Dear Daddy,                                 3.2.’12.

        I’ma write you a nice long letter to make up for the days I haven’t written even though I happen to know you hate reading. But before I really dive into what’s been happening these last few days, I figured I’d touch on the quotes I picked and why I picked them because that’s always a little bit of fun on a Friday night instead of going out and doing something….. not that I don’t like staying home because now that you’re gone we’re always out of the house anymore and I just wanna stay home…I’m not used to not being home……anyways…. I chose the first quote because my mind has been pretty busy lately and I’m actually finally getting something accomplished, I’m writing this letter.

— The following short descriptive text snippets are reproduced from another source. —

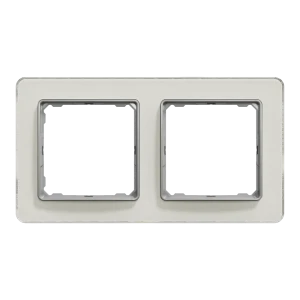 Рамка для розеток и выключателей Systeme Electric Sedna Design 2 поста, цвет белое стекло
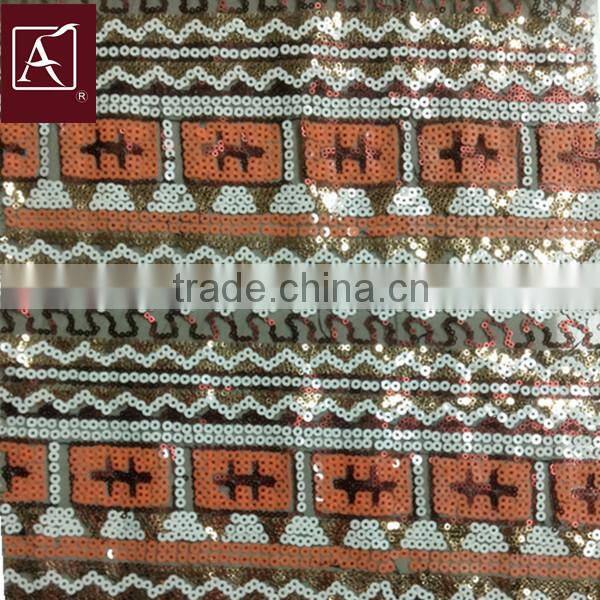 Four-color Sequins embroidery on mesh fabric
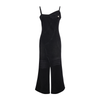 Black Deconstructed Strappy Denim Midi Dress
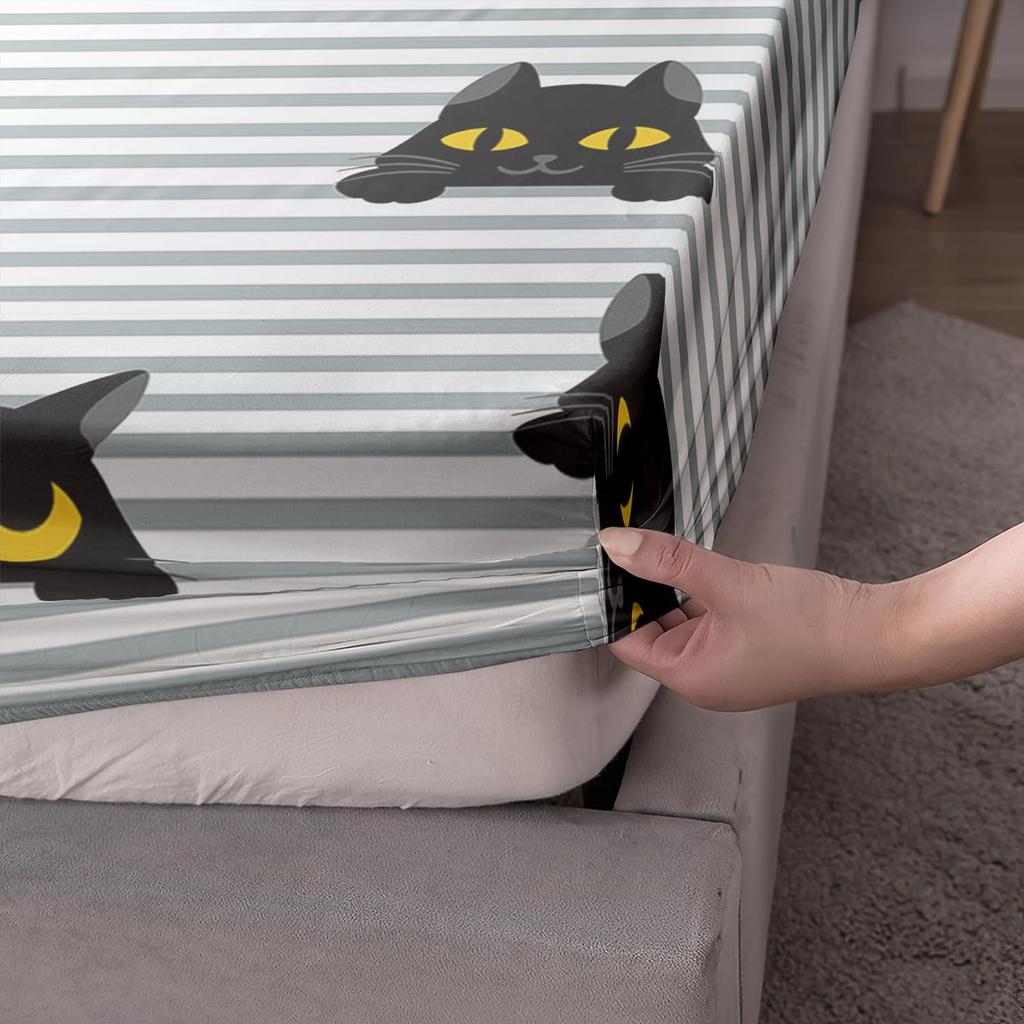 Striped Black Cat Pattern Bed Hat Three-Piece Digital Printing Bedding Bed Hat Three-Piece Set Children And Adults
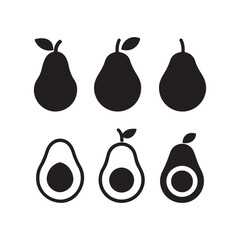 Avocado Icon Set – Fresh and Healthy Superfood Vector Collection. Minimal Avocado Icons – Organic and Nutritious Food Illustrations. Green Avocado Vector Set – Flat and Outline Style Fruit Icons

The second quote I chose, I chose simply because it had something to do with voting and the presidential election is coming up, sometime in the fall I think. The third quote I chose is because I believe it to be true. The fourth quote was picked by myself because… I do have the greatest job in the world….I’m a kid. A teenager. I have the job of being young. Of learning. And that to me, is the greatest job no matter how busy it keeps me, or I claim it keeps me. That brings me to my last quote choice, and if this past week is any indication, I chose it because, I must be one hella charming lady. You should be mighty proud right about now. I tried to build up to that, I was hoping for a chuckle or a smirk. I think I might have earned a little one if you were still around to read this. Of course if you were here I wouldn’t write you a letter, I wouldn’t speak, I’d simply curl up near you with my head on your chest.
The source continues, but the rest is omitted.